I am trying to use dateparser to parse dates with years earlier that 1000, with less than four digits.
import dateparser
value = "july 900"
result = dateparser.parse(value)
result is None # True
At first I thought is related to the problem mentioned here: Use datetime.strftime() on years before 1900? ("require year >= 1900"), because some of the times with certain inputs (like just 900) the result was the current day and month combined with the year 1900.
But after some more trials with random dates and relative expressions, I noticed dateparser can output dates earlier than 1000, then I figured out that if I zero-pad the year, the result will be correct.
import dateparser
value = "july 0900"
result = dateparser.parse(value)
result is None # False
result # datetime.datetime(900, 7, 4, 0, 0)

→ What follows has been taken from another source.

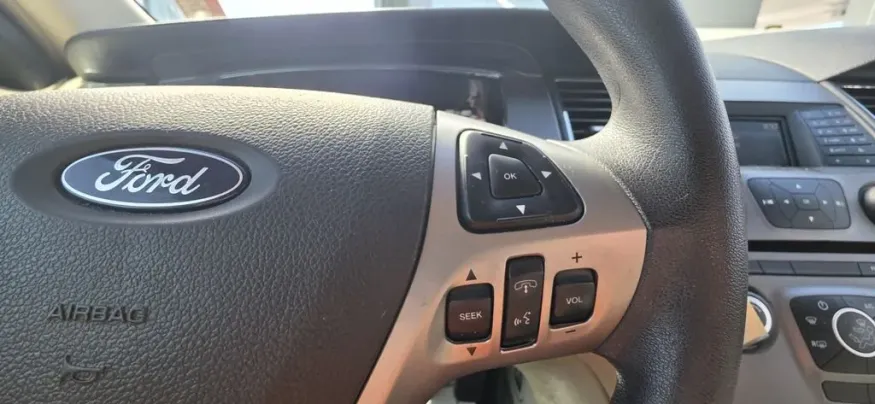 2018 Ford Taurus | Photo 17 of 28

I have found this in my search for a solution:
https://github.com/scrapinghub/dateparser/issues/410
but the final comment left me with more questions than answers, as I have failed to find a way to pass a custom parser to the internal user of dateutil.parser of dateparser.
My current solution is to look for regex 3 digits year patterns, using something similar to this: (.* +| *|.+[\/\-.]{1,})([1-9][0-9]{2,})( *| +.*|[\/\-.]{1,}.+) and pad them in place.
Is there a better way to do this?
EDIT:
Is there also an elegant solution to parse dates before our era (e.g. BC)? (it seems that the dateparser settings key SUPPORT_BEFORE_COMMON_ERA doesn't do much in this regard, and all other seemed to be unrelated)
So that this can be used for an archeological dating site.